| Task instructions |
Type out each entry exactly as it appears, but keep every image out.

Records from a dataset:
━━━━

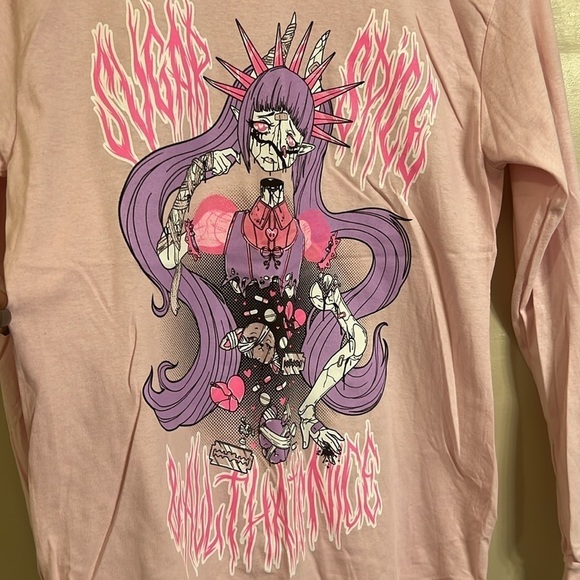 Pinku Kult Pink Long Sleeved Graphic T-Shirt Size Small NWOT - Picture 2 of 5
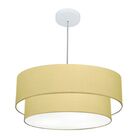 Lustre Pendente Duplo Cilíndrico Vivare Md-4357 Cúpula Em Tec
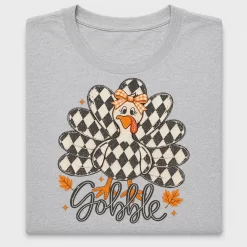 Gobble Checkered Turkey DTF Transfer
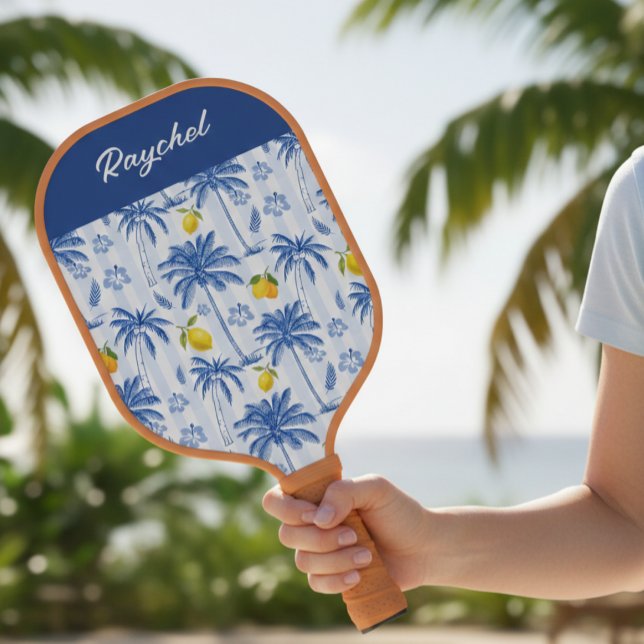 Blue Toile Palm Trees Lemons Monogram Name Pickleball Paddle (Creator Uploaded)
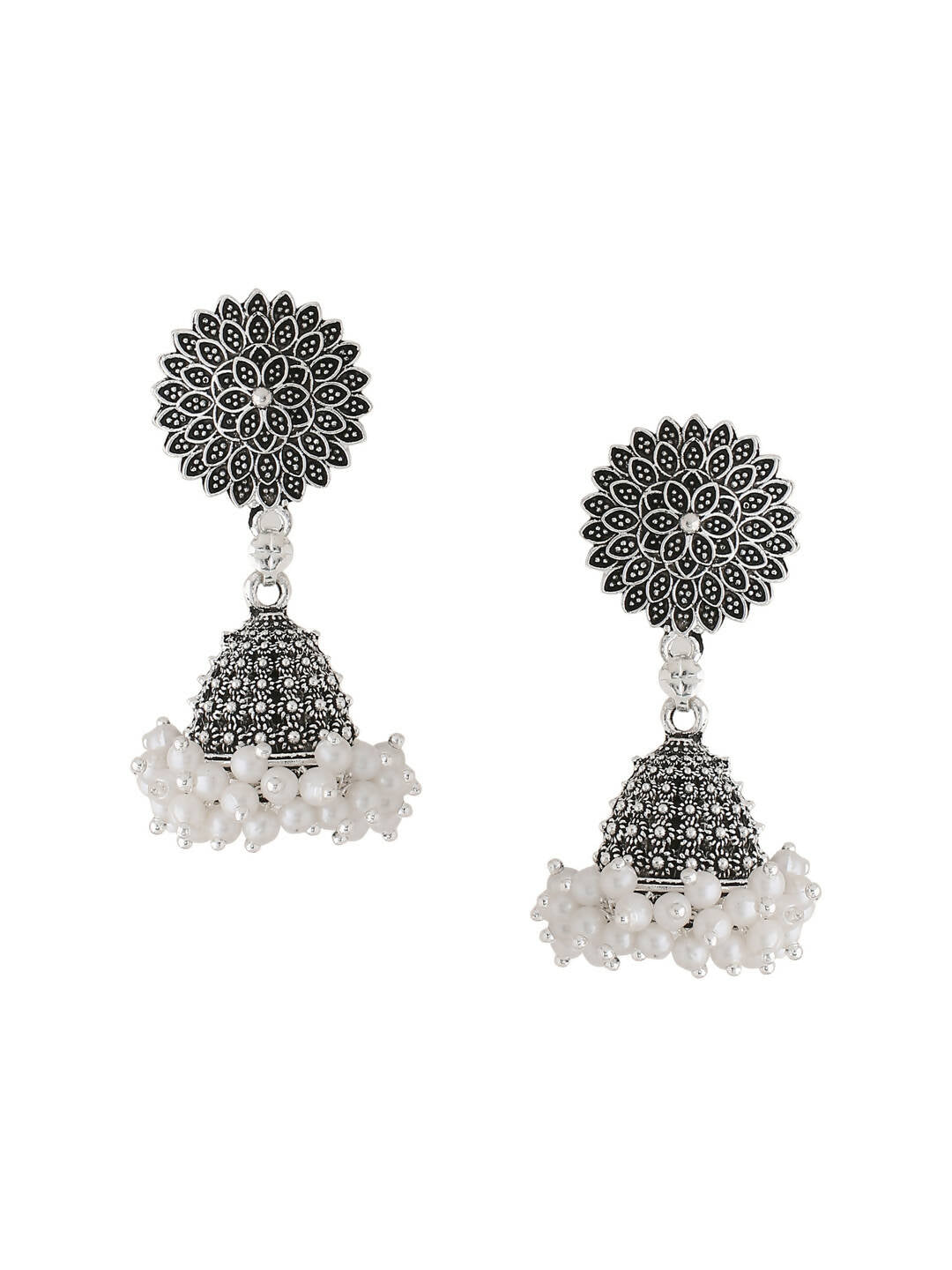 NVR Women Silver Toned Dome Shaped Jhumkas Earrings | Grab2Buy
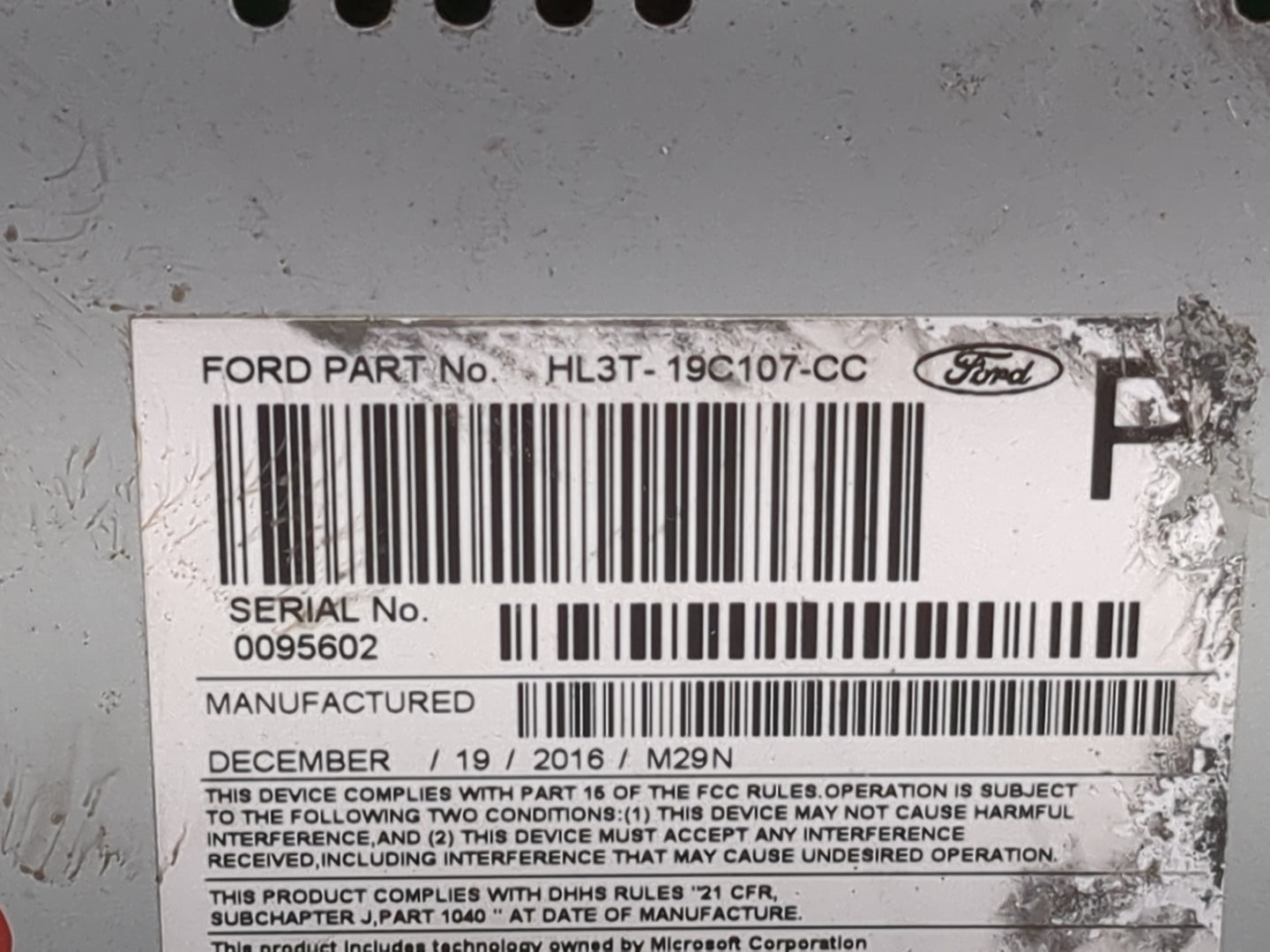 2017-2018 Ford F-150 Radio AM FM Cd Player Receiver Replacement P/N:PU-3611P-E HL3T-19C107-CC Fits Fits 2017 2018 OEM Used A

━━━━

| Reply to the exercise |
 Pinku Kult Pink Long Sleeved Graphic T-Shirt Size Small NWOT - Picture 2 of 5
 Lustre Pendente Duplo Cilíndrico Vivare Md-4357 Cúpula Em Tec
 Gobble Checkered Turkey DTF Transfer
 Blue Toile Palm Trees Lemons Monogram Name Pickleball Paddle (Creator Uploaded)
 NVR Women Silver Toned Dome Shaped Jhumkas Earrings | Grab2Buy
 2017-2018 Ford F-150 Radio AM FM Cd Player Receiver Replacement P/N:PU-3611P-E HL3T-19C107-CC Fits Fits 2017 2018 OEM Used A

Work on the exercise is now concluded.